Untuk mencapai partai puncak, Simon menghadapi persaingan dari pemain Hongkong, Wong Wing Ki, dan pemain China, Du Pengyu.
Dari statistik rekor pertemuan, Simon sudah pernah berjumpa sekali dan mengalahkan keduanya. Pada Turnamen China Terbuka, pekan lalu, permainan Simon cukup baik, sebelum dihentikan Chen Long.
Di babak pertama, kemarin, Simon tidak terlalu kesulitan mengalahkan pemain Taiwan, Chun Shih Kuei, 23-21, 21-14. Di babak kedua, Simon kemungkinan akan dijajal juara asia yunior dan juara dunia yunior dari Malaysia Zulfadli Zulkifli.
Jika lolos, Simon akan bertemu unggulan ke-12, Wong Wing Ki, yang pernah mengalahkan Lin Dan di turnamen Premier Super Series Denmark Terbuka.
“Ini memang kesempatan bagus buat Simon.

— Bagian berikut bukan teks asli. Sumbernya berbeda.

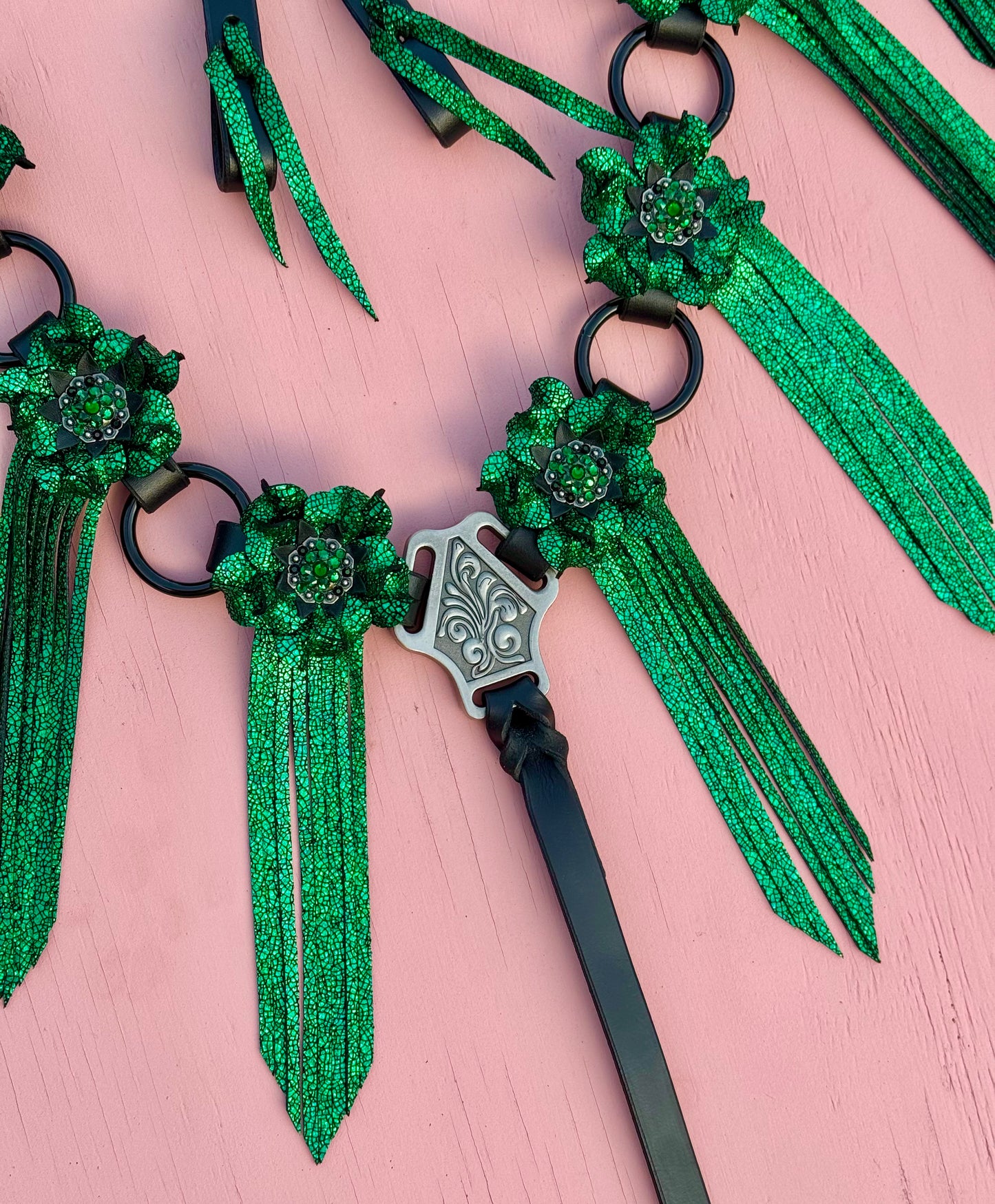 Emerald Green Ring Breast Collar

Setelah juara di SEA Games, dia semakin percaya diri. Yang penting, dia harus fokus di setiap pertandingan,” kata pelatih tunggal putra pelatnas Cipayung, Agus Dwi.

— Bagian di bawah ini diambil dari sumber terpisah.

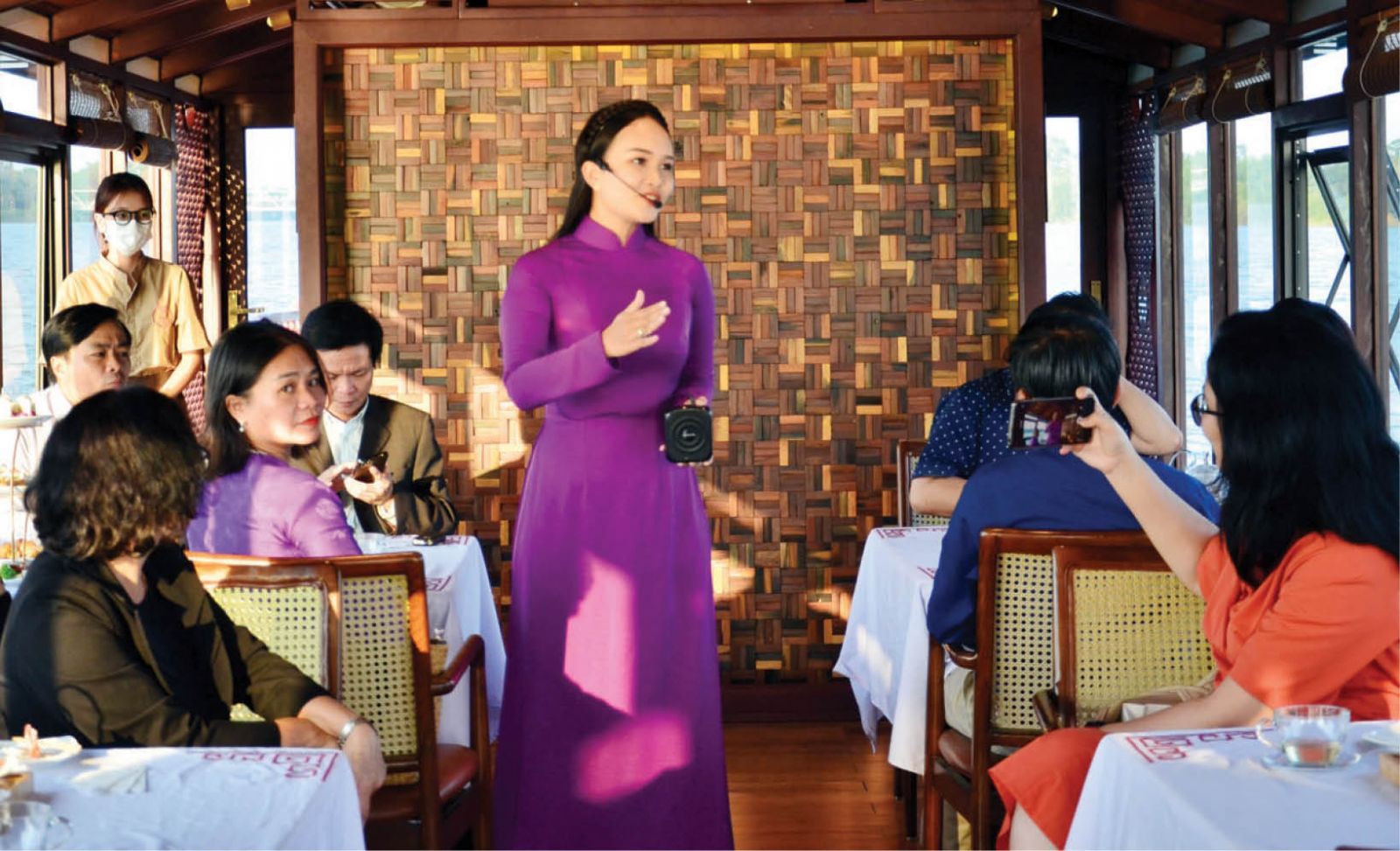 Dịch vụ cho thuê hướng dẫn viên du lịch tại Huế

Peluang bagus juga dimiliki Taufik. Ditempatkan sebagai unggulan ketiga, Taufik berada di grup bawah. Namun, perjalanan Taufik agak lebih berat dibandingkan dengan Simon karena lawan-lawannya relatif lebih sulit, seperti Hu Yun dari Hongkong, Le Hyun Ill dari Korea Selatan dan Kenichi Tago dari Jepang.
Di atas kertas, seharusnya Taufik bisa dengan mudah melewati mereka. Akan tetapi, permainan Taufik masih belum stabil dan tidak konsisten.

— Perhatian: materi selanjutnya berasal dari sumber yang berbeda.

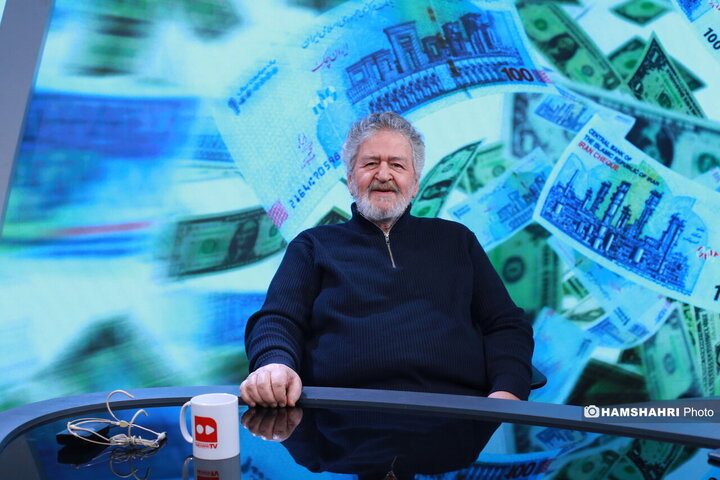 رو در رو با امیر عابدینی در برنامه تماشاگر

Di turnamen Premier Super Series China Terbuka, pekan lalu, Taufik tersingkir di babak kedua di tangan Simon Santoso. Taufik menyerah dua gim langsung, 15-21, 10-21.
Kemarin, Taufik juga harus bekerja keras untuk menaklukkan pemain Singapura peringkat ke-170 dunia, Huang Chao, 24-26, 21-8, 21-16.
Di babak kedua, Taufik akan ditantang pemain Hongkong, Wei Nan. Jika lolos, selanjutnya juara Olimpiade Athena ini kemungkinan akan menghadapi unggulan kesepuluh, Hu Yun.
Selain Taufik dan Simon, di tunggal putra, Indonesia juga punya empat wakil lainnya, yaitu Dionysius Hayom Rumbaka, Tommy Sugiarto, Sony Dwi Kuncoro, dan Alamsyah Yunus. Keempat pemain ini juga sukses melaju ke babak kedua.
Hayom menang atas pemain Filipina, Ronel Estanislao, 21-9, 21-13, dan akan menghadapi pemain Taiwan, Teng Shih Hua. Sementara Tommy menang atas pemain Filipina, Philip Joper, 21-9, 21-8, dan akan menghadapi pemain Malaysia, Pei Wee Chung.
Sony, yang tidak tampil di SEA Games, harus bersusah payah mengalahkan pemain Hongkong, Tam Chun Hei, 15-21, 21-18, 21-16. Di babak selanjutnya, Sony akan melawan bintang muda China, Wang Zhengming.
Adapun Alamsyah Yunus kemarin menang atas pemain Malaysia, Misbun Ramdan, dalam pertandingan dua gim langsung, 21-12, 21-12.
Penampilan Fran Kurniawan/Shendy Puspa di turnamen ini menjadi debut buat pasangan ganda campuran itu. Fran sebelumnya berpasangan dengan Pia Zebadiah yang memutuskan mundur dari pelatnas. Di babak pertama, Fran/Shendy langsung diuji pasangan China, He Hanbin/Bao Yixin.